━━━━━ Materials provided ━━━━━

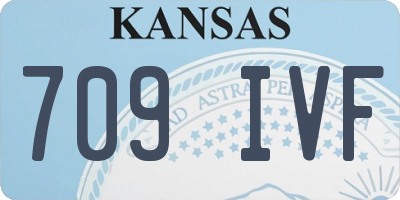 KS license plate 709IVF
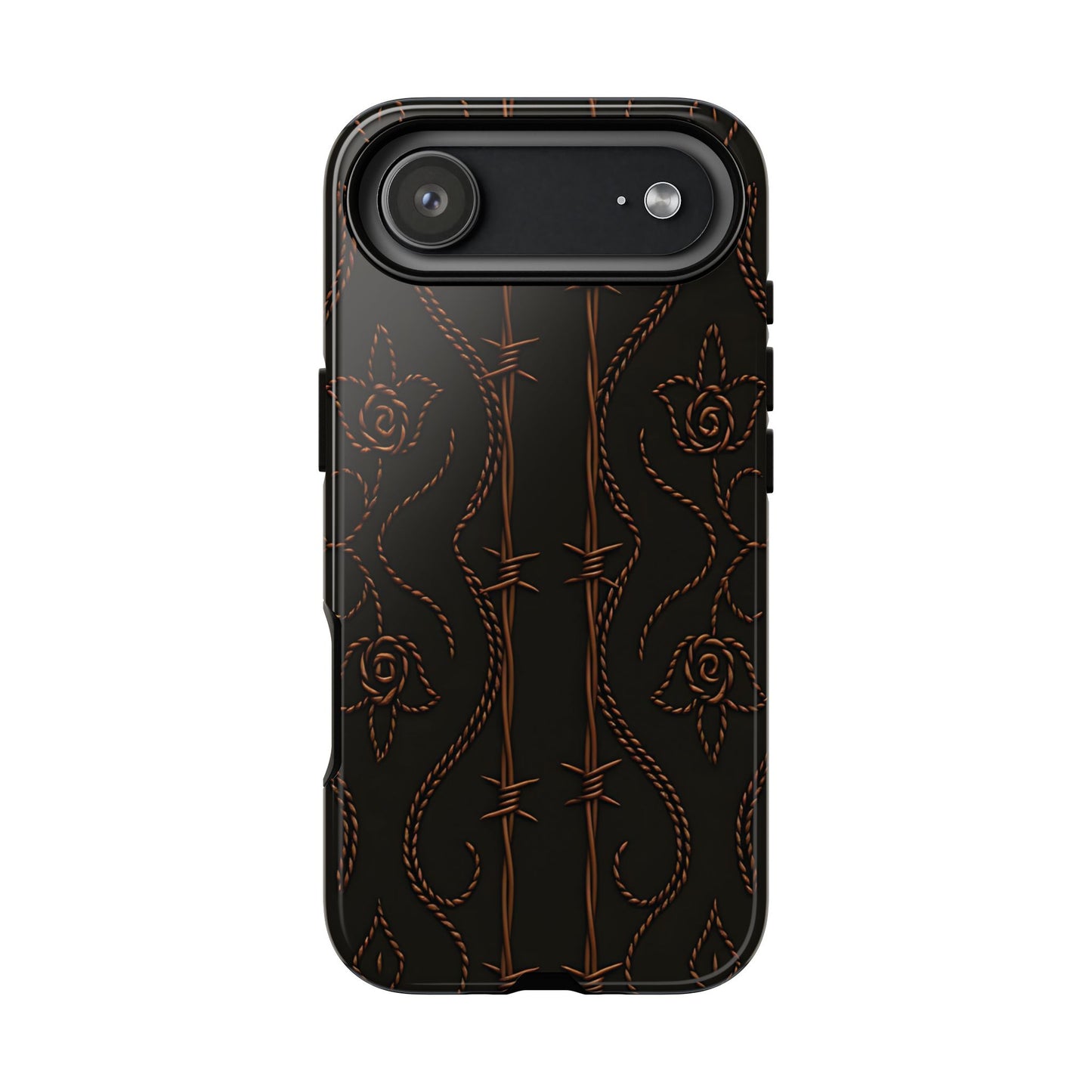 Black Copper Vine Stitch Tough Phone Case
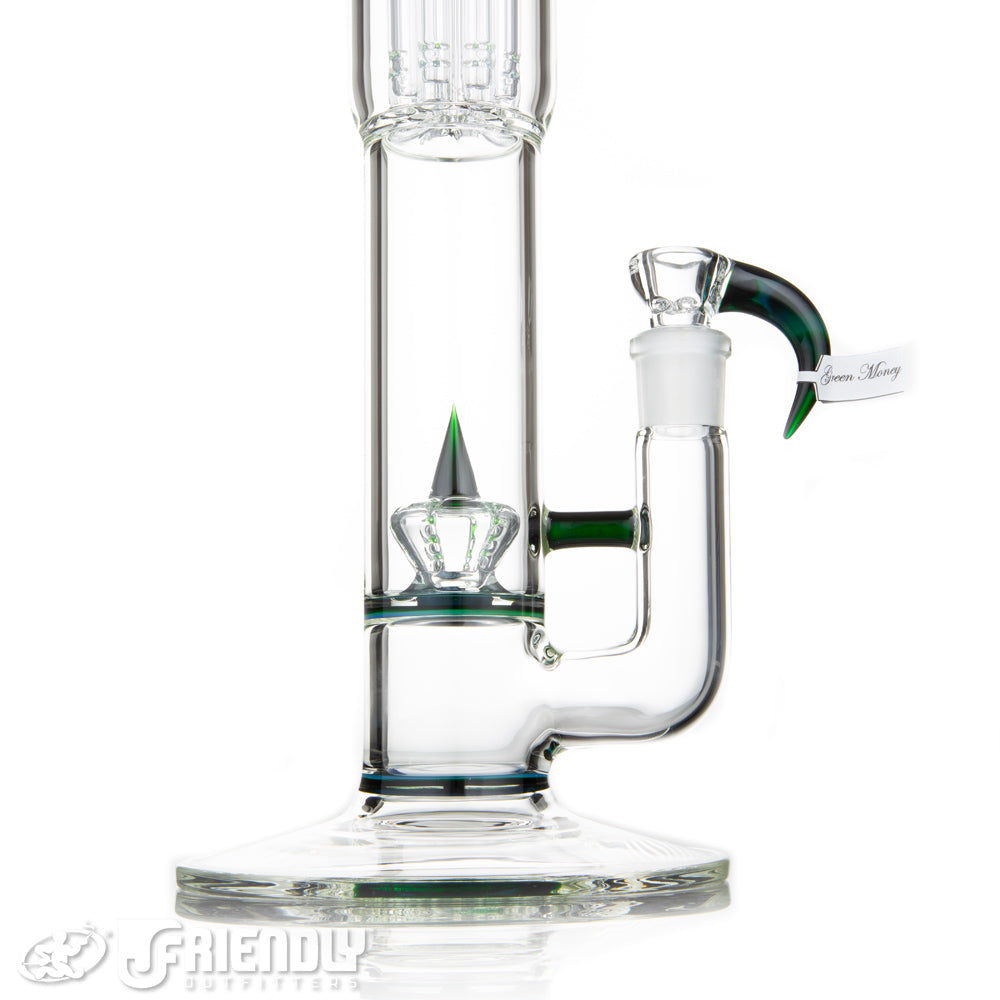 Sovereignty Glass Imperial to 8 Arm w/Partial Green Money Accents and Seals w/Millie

━━━━━
━━━━━ Materials provided ━━━━━

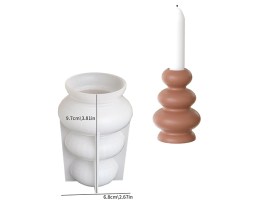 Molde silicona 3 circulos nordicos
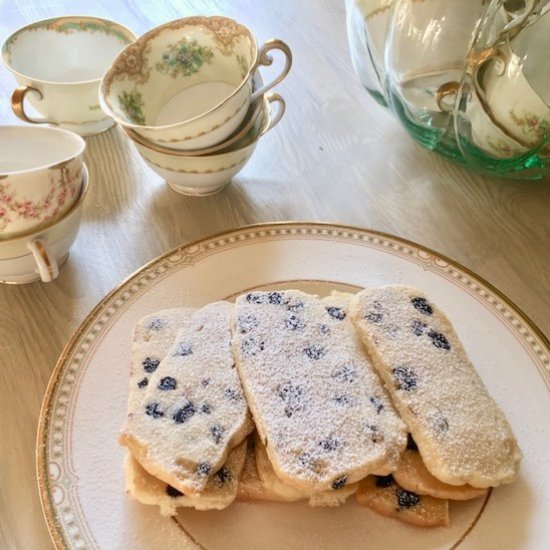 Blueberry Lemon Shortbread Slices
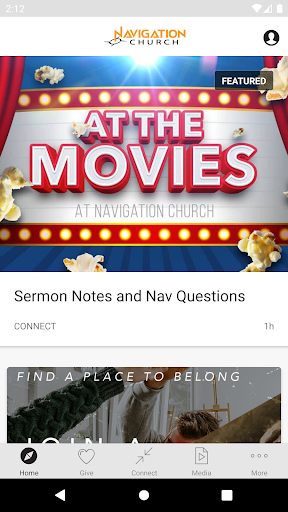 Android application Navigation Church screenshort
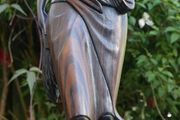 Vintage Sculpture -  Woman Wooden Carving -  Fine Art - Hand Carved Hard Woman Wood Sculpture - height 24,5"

━━━━━
━━━━━ Materials provided ━━━━━

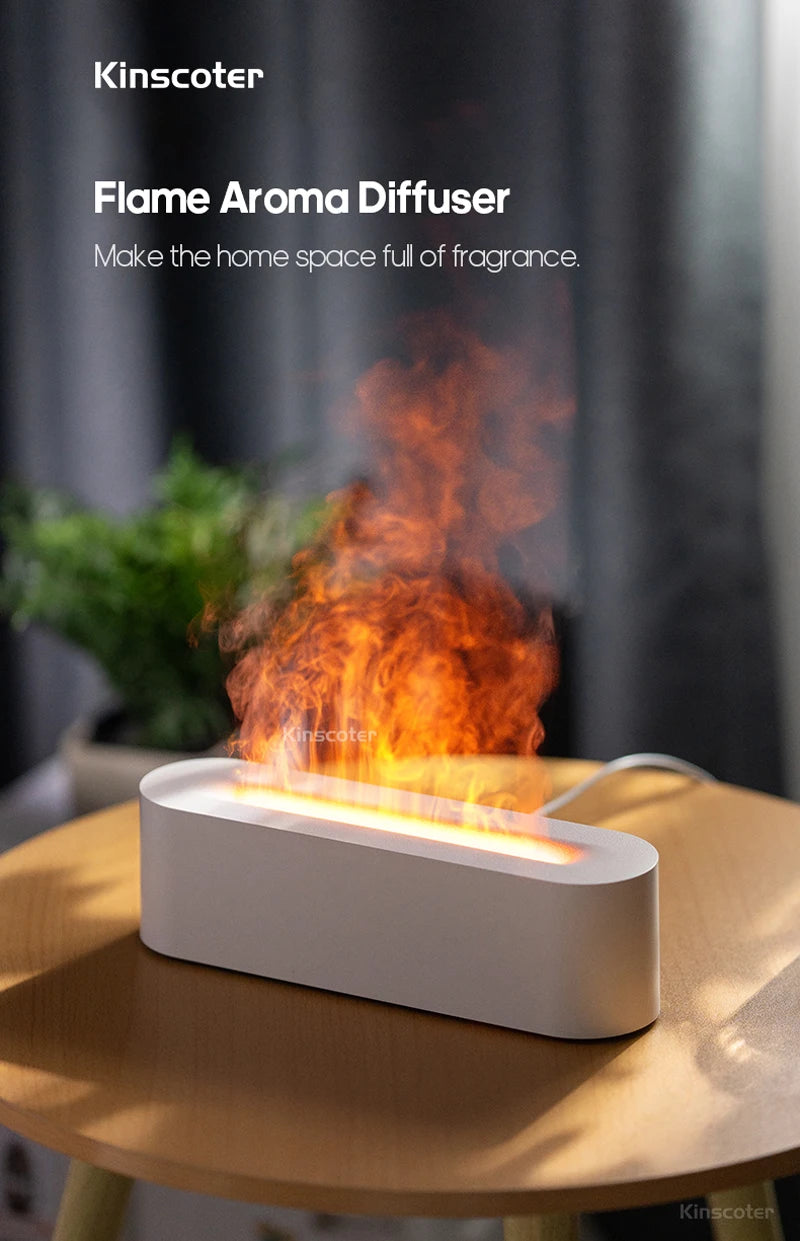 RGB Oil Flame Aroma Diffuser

━━━━━

Assigned task:
Going by the entries above, repeat exactly the lines that start at the line with "KS license plate 709IVF" and go on through the line with "Sovereignty Glass Imperial". Pictures are not part of the copy.

Task solution:
 KS license plate 709IVF
 Black Copper Vine Stitch Tough Phone Case
 Sovereignty Glass Imperial to 8 Arm w/Partial Green Money Accents and Seals w/Millie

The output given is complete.